Nederlands
Privacy Policy
At New Day at Work B.V. we value your trust and your privacy. We process only the personal data we need to deliver, improve and secure our service.
This Privacy Policy explains what personal data we process, why we process it, and the rights you have. It applies to our website, demo requests, marketing activities and events. For personal data processed within the Workspace 365 platform on behalf of customers, the applicable Data Processing Agreement (DPA) applies.
Last updated: June 2026
Contact and Privacy
For all privacy related questions, requests or complaints, please contact us directly.
New Day at Work B.V.
trust@workspace365.net
+31 30 711 6725
Berencamperweg 6D, 3861 MC Nijkerk, Netherlands
Registered at the Dutch Chamber of Commerce under number 55440215.
About New Day at Work B.V.
New Day at Work B.V. operates the Workspace 365 intelligent workspace platform.
For personal data processed via our website, demo requests, marketing activities and events, we act as the data controller. This Privacy Policy describes those activities.
For personal data processed within the Workspace 365 platform on behalf of a customer, we act as a data processor. In that role we process data on the documented instruction of the customer, who is the controller. This is governed by the applicable Data Processing Agreement. In the partner model the end customer is normally the controller, the partner may act as a processor, and we act as a processor or sub-processor. In the direct customer model the customer is the controller and we act as the processor.
Purposes and Legal Basis
This section covers the personal data we process as a controller, through our website, demo requests, marketing and events. Personal data processed inside the Workspace 365 platform is covered by the applicable Data Processing Agreement and the customer's instructions.

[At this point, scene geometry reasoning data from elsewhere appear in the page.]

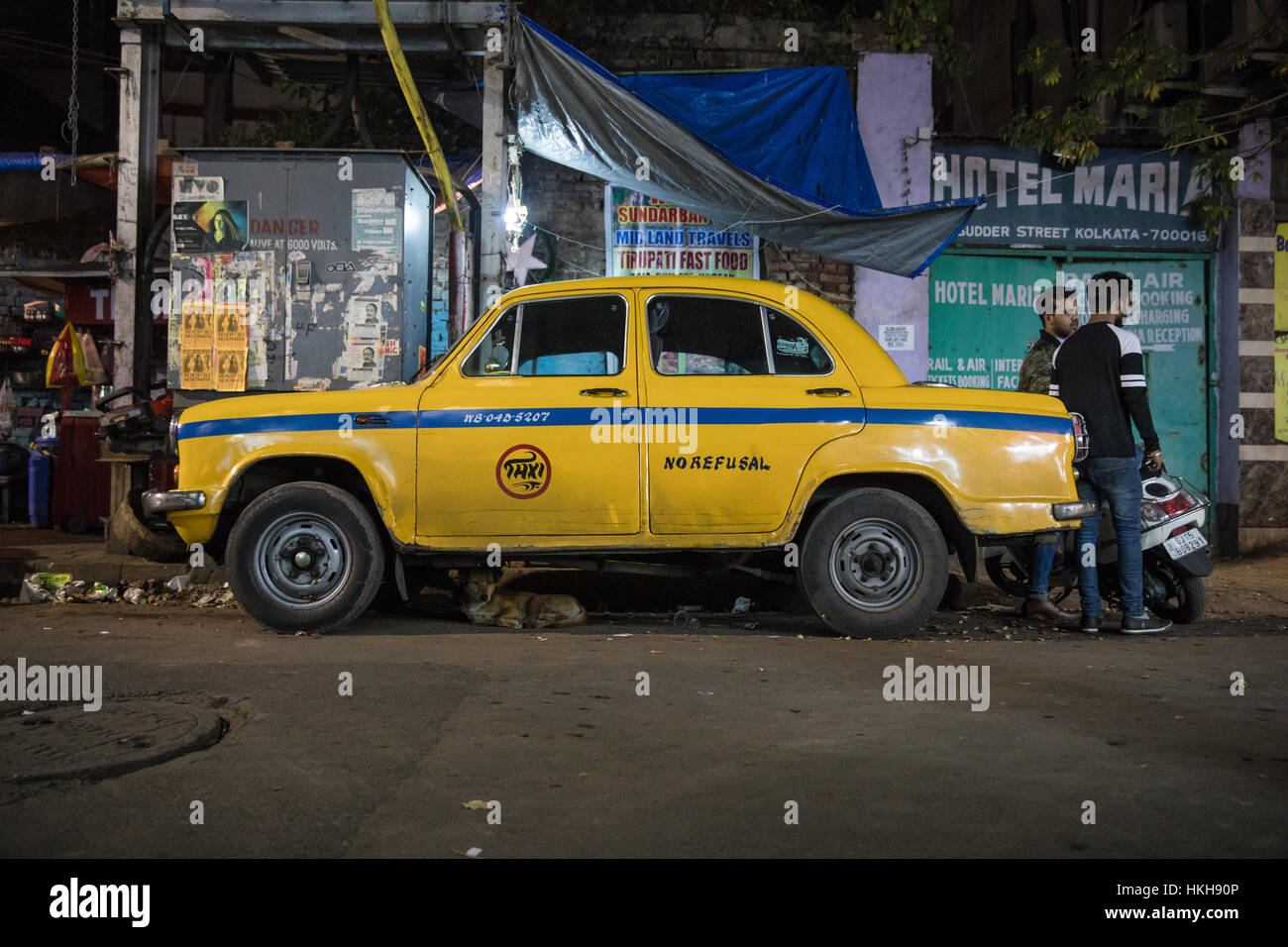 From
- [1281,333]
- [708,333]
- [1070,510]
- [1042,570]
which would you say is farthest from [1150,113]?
[708,333]

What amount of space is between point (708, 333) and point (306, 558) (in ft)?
8.48

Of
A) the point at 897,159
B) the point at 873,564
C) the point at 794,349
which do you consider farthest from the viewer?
the point at 897,159

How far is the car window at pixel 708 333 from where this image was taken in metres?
5.73

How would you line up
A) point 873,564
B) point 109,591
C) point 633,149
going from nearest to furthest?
point 873,564 < point 109,591 < point 633,149

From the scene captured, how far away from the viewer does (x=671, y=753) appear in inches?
134

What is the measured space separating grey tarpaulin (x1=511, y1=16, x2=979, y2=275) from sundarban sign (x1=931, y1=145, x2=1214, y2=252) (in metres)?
2.41

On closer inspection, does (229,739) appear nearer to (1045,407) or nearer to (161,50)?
(1045,407)

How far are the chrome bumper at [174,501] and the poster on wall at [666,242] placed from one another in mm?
4960

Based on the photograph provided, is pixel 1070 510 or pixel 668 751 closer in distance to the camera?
pixel 668 751

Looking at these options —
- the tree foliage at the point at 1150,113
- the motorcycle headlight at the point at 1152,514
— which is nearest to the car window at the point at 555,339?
the motorcycle headlight at the point at 1152,514

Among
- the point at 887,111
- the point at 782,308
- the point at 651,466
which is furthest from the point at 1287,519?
the point at 651,466

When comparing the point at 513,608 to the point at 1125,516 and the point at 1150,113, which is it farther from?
the point at 1150,113

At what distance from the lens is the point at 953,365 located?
399 inches

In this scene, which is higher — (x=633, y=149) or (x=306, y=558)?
(x=633, y=149) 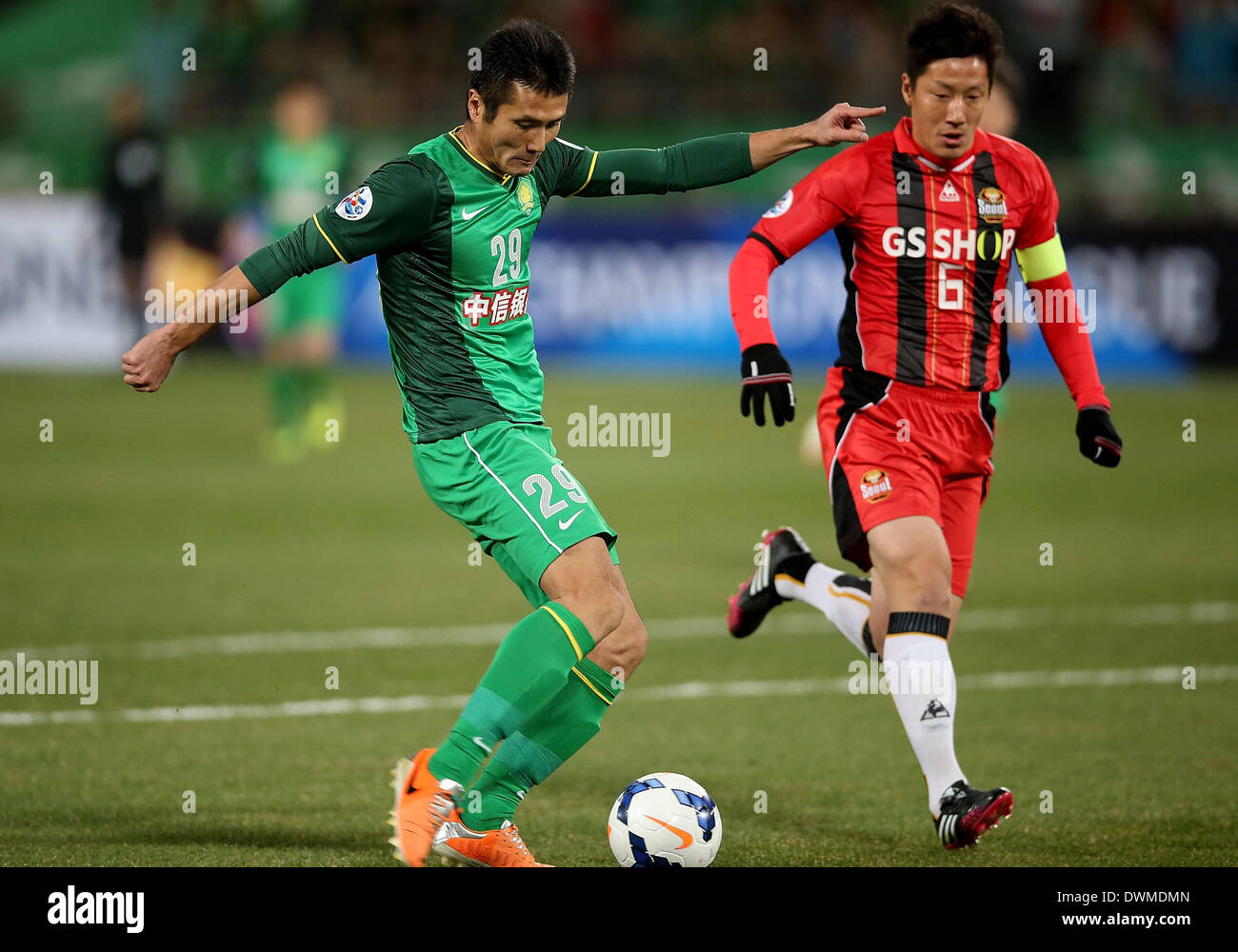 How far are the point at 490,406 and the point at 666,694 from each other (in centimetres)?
265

When you request a demo or contact us, we process your name, email address and telephone number so we can reach you. When you attend a call, event or webinar, we process the contact details you share with us. We do not sell personal data. We share personal data only with sub-processors who support our service, under a written processing agreement, and with third parties where the law requires it.
The table below sets out the legal basis for each controller activity. The table below sets out the legal basis for each controller activity.
|
Purpose |
Data processed |
Legal basis |
|
Demo requests and follow up |
Name, email, telephone |
Consent |
|
Events and webinars |
Name, email, contact details |
Consent |
|
Website analytics and improvement |
Cookie data, behavioural data |
Consent |
|
Marketing and advertising |
Cookie data, contact details |
Consent |
|
Security and fraud prevention |
Log data, access data |
Legitimate interest |
|
Legal obligations and defence |
Relevant personal data |
Legal obligation or legitimate interest |
We rely on legitimate interest, we balance our interest against your rights and freedoms, and we process your data only where your interests do not override that interest.
Security and Hosting
We take appropriate technical and organisational measures to protect your data against loss and other forms of unlawful processing.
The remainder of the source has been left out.